Article 54(2)(b)(ii)bis[47(1 bis)(b)(ii)bis]: The prosecutor's power to prioritize as required by the interests of justice

· Recommendation: Afford the prosecutor the flexibility to decide whether an investigation would be in the interests of justice in a particular case, taking into account the gravity of the offense.

Comment: As the ICC will have jurisdiction only over very serious crimes, it is unlikely that the Court will be inundated with cases. It is, however, almost inevitable that at some stage it will be necessary for the prosecutor to prioritize complaints received. It is appropriate that he or she have the flexibility to do so, and to pursue the cases that are clearly most in the interests of justice, such as the more egregious over the less egregious crimes.

This does not, as certain delegates suggested during the August Preparatory Committee meeting, give the prosecutor unbridled discretion to pick and chose between cases. Any decision to pursue a case would of course be subject to the approval of the Pre-Trial Chamber of the Court under new Article 12[46], just as a decision of the prosecutor not to pursue an investigation would, under Article 54(8)[47(5)], also be subject to review by the Court.225 The power of any prosecutor, domestic or international, to prioritize his or her caseload is essentialto the efficient conduct of investigations and to ensure the prosecution of the most serious crimes without delay.
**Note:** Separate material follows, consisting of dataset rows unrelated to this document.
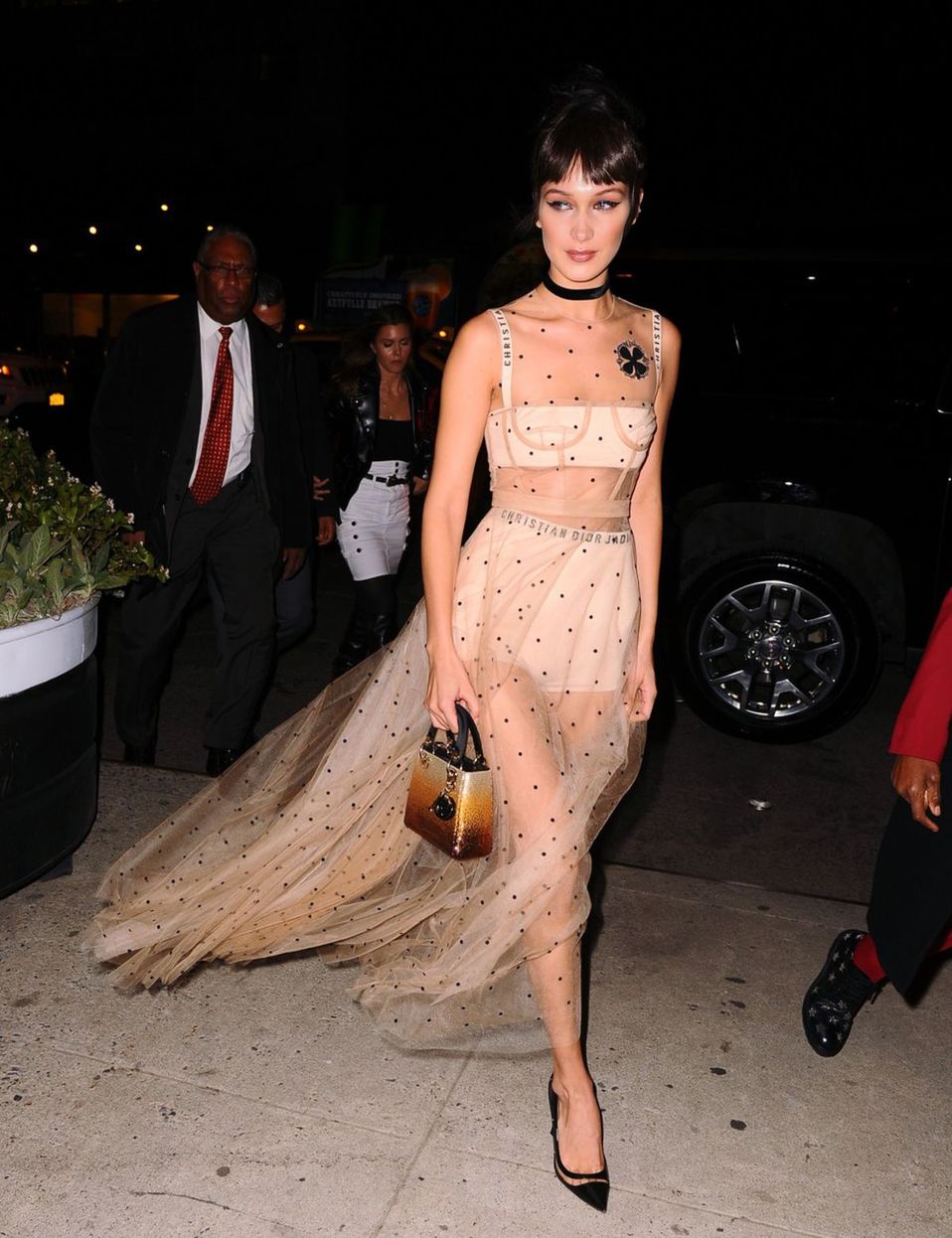 Topmodelka Bella Hadid prichádza na akciu...
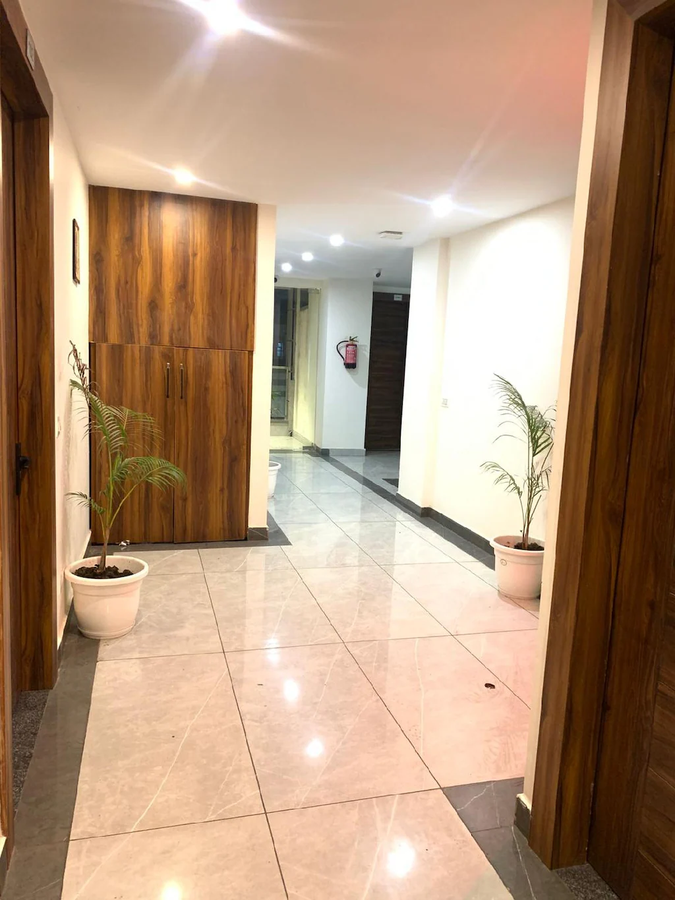 Hotel Gs Grand Dehradun,Gms Road,3 star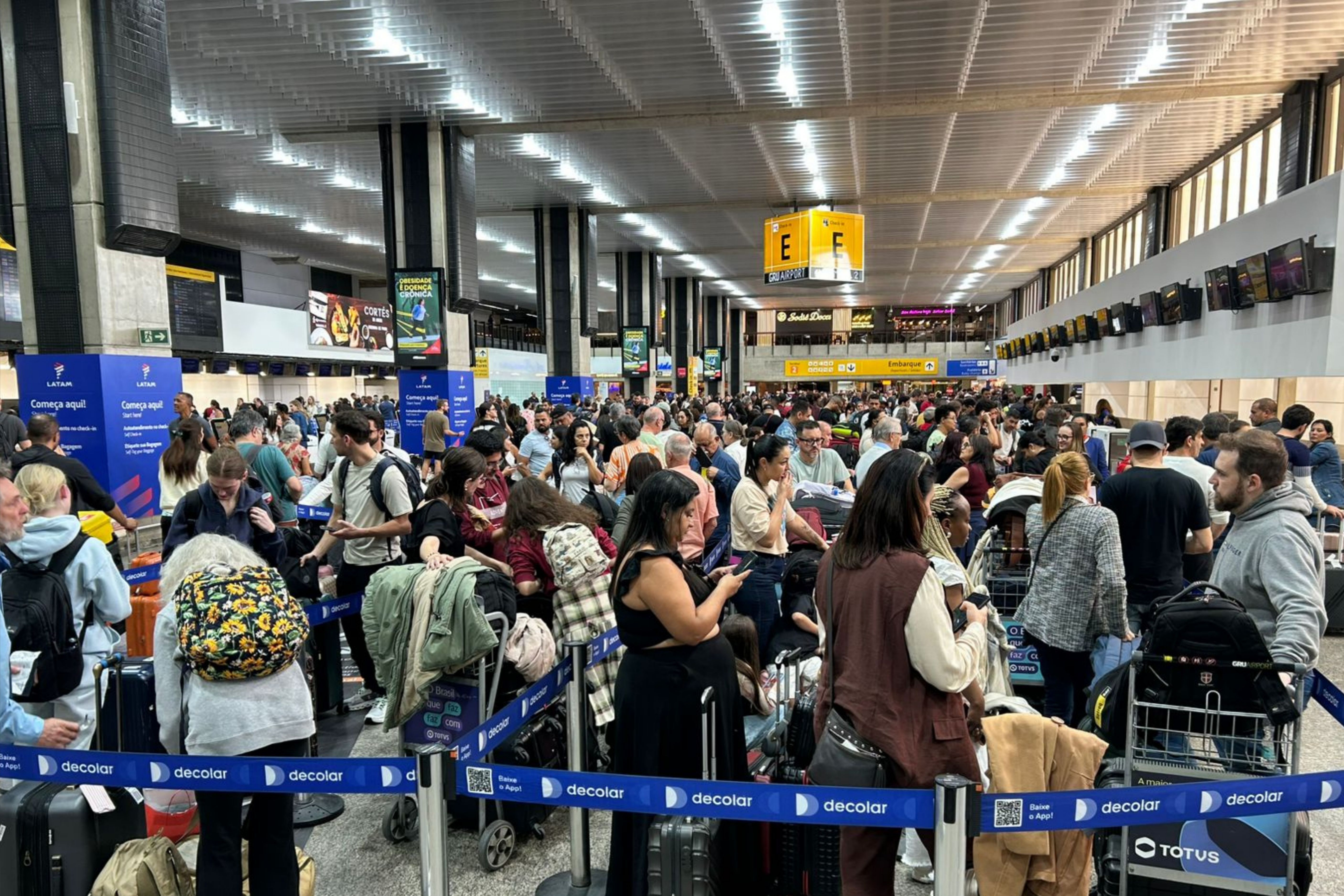 Após 5h da reabertura, aeroportos registram longas filas em São Paulo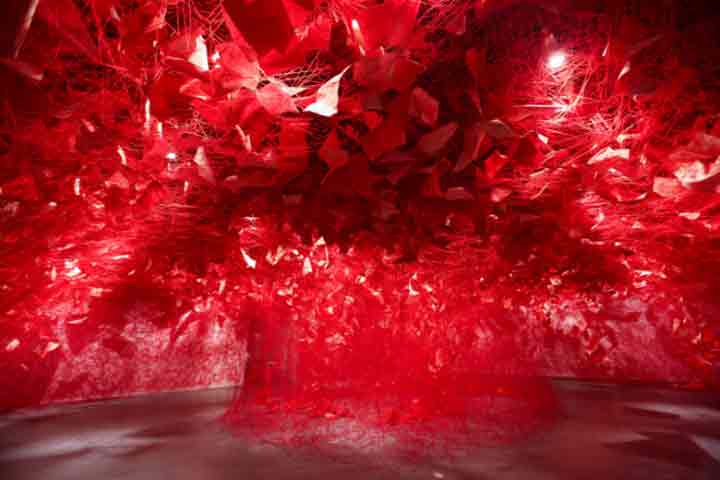 Chiharu Shiota - installation 2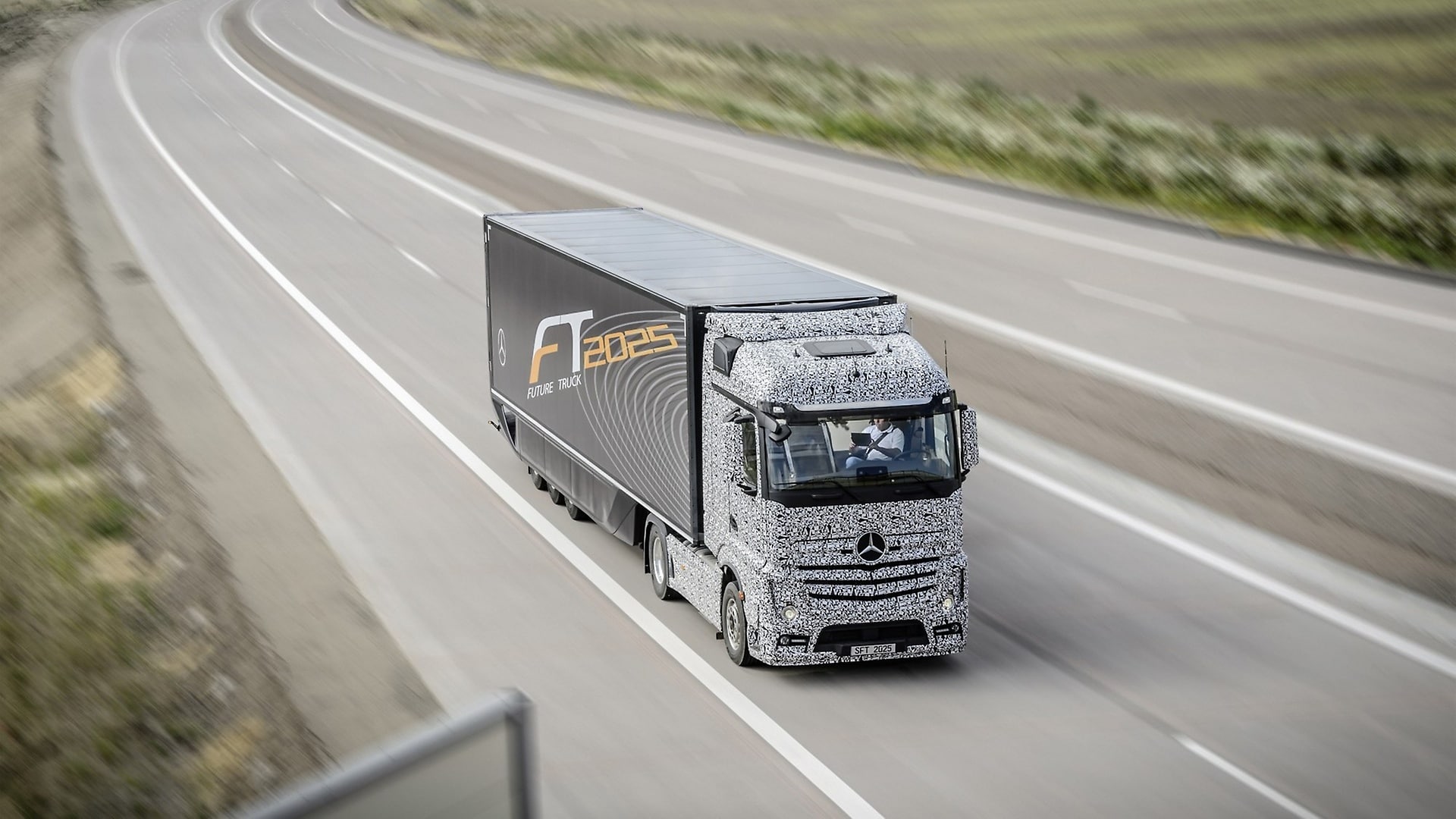 Daimler präsentiert autonom fahrenden Lkw. 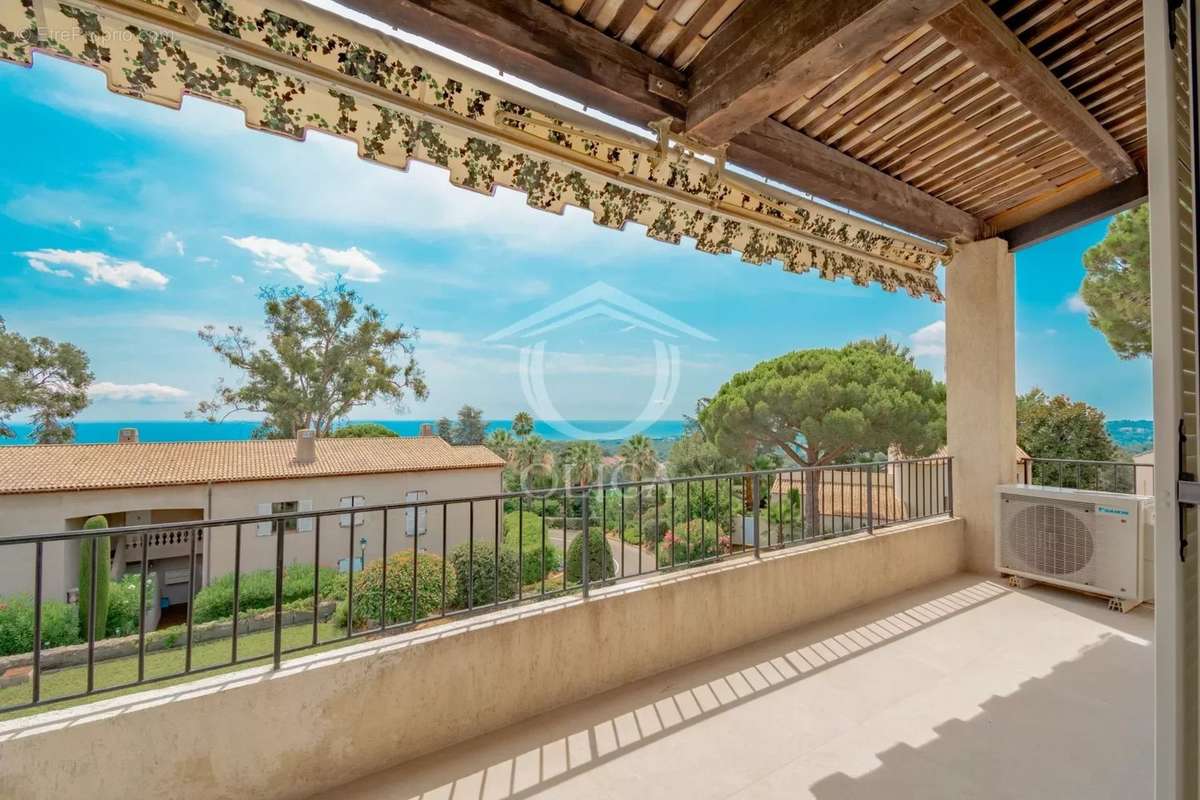 Appartement à VILLENEUVE-LOUBET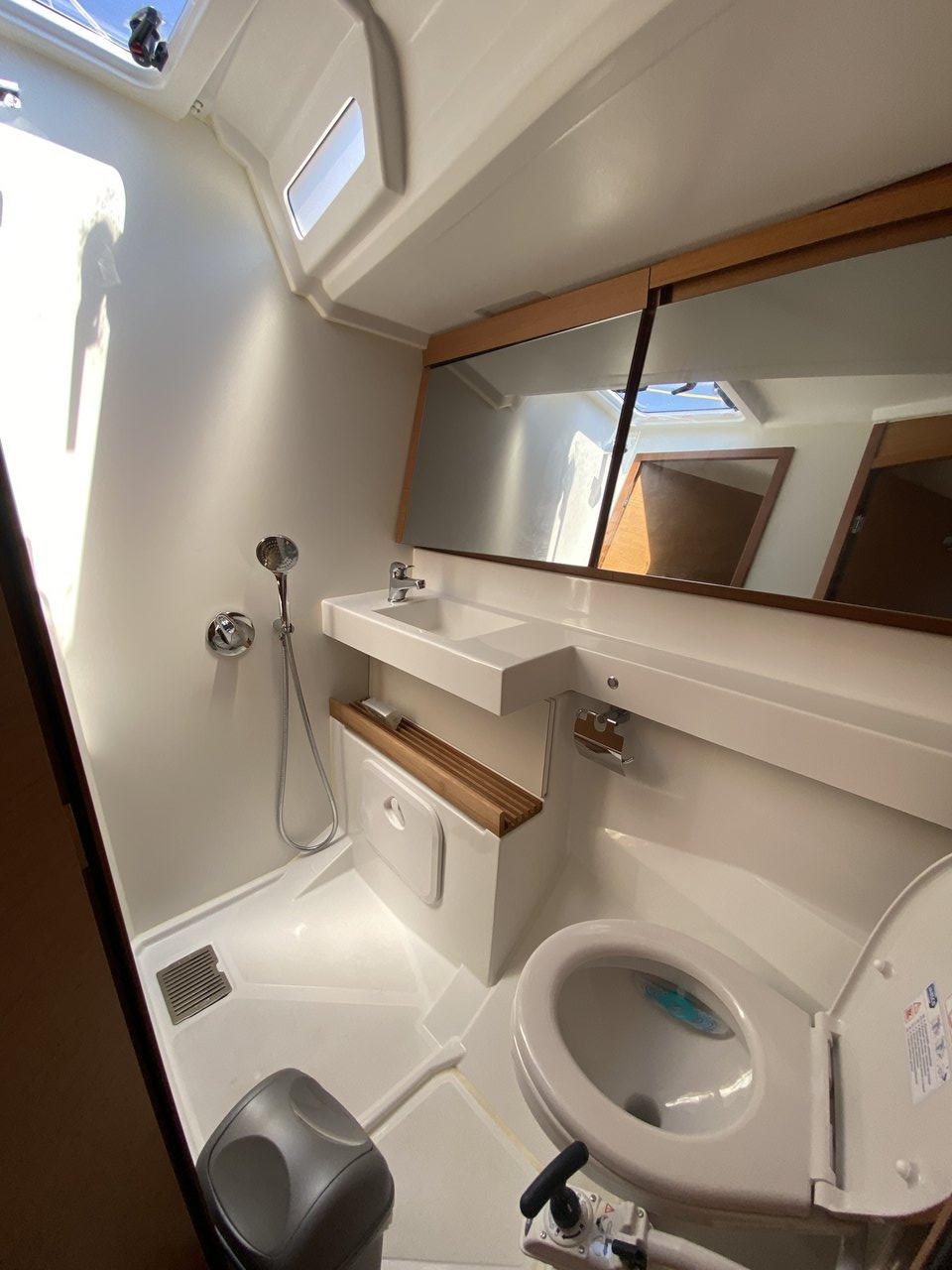 Sun Odyssey 440 - 4 cab., picture 15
Moreover, the inclusion of this provision should adequately address the concern about the potential overloading of the court preventing it from being able to function. Finally, it should quash any suggestion that a threshold limiting the court's jurisdiction to crimes committed pursuant to a plan or policy is necessary to ensure that the Court can prosecute the most serious crimes.226


Article 54(4)[47](2): The prosecutor's power to conduct on-site investigations

· Recommendation: The statute must enable the prosecutor to conduct on site investigations without requiring the consent of any state party.

Comment: Article 54(4)(c)[47](2)(c)] provides various options in respect of the power to conduct on-site investigations and the consent that one of those options proposes as a pre-requisite for the exercise of that power. The power to conduct such investigations will be essential for the proper investigation of the crimes in question, and for the Court to satisfy itself that information on which it is basing its case is reliable. As such it go to the heart of ensuring fair prosecutions. Even in circumstances where the state is cooperating fully with the Court in the gathering of evidence, on-site investigations will nonetheless be important. The prosecutor, as the person responsible for the investigation, is best placed to know the necessary scope of the investigation and nature of evidence sought in the particular case.

The consent of states parties must not be a pre-requisite to an on-site investigation. State parties should not be able to withhold consent and hamper the prosecutor's ability to execute one of essential steps in an investigation. Under Part 9 of the statute,227 state parties have a clear duty to cooperate with the investigation and prosecution of crimes within the jurisdiction of the Court. Requiring their consent implies that there is not such an obligation.228

Pre-Trial chamber's ability to review the decision of the prosecutor to carry out an on-site investigation,229 in accordance with Option 2(ii) of 54(4)(c)[47](2)(c)], would safeguard against any possible abuse by the prosecutor of the power to conduct on-site investigations. While in fulfilment of its investigatory mandate the prosecutor's office may be subject to judicial review, it should not be dependant on the consent of any state party, neither as to whether nor when an onsite visit takes place. States should not be able to cause delay, and create opportunities for the flight of suspects or destruction of evidence. Should they do so, there should be no question as to their failure to meet their treaty obligations.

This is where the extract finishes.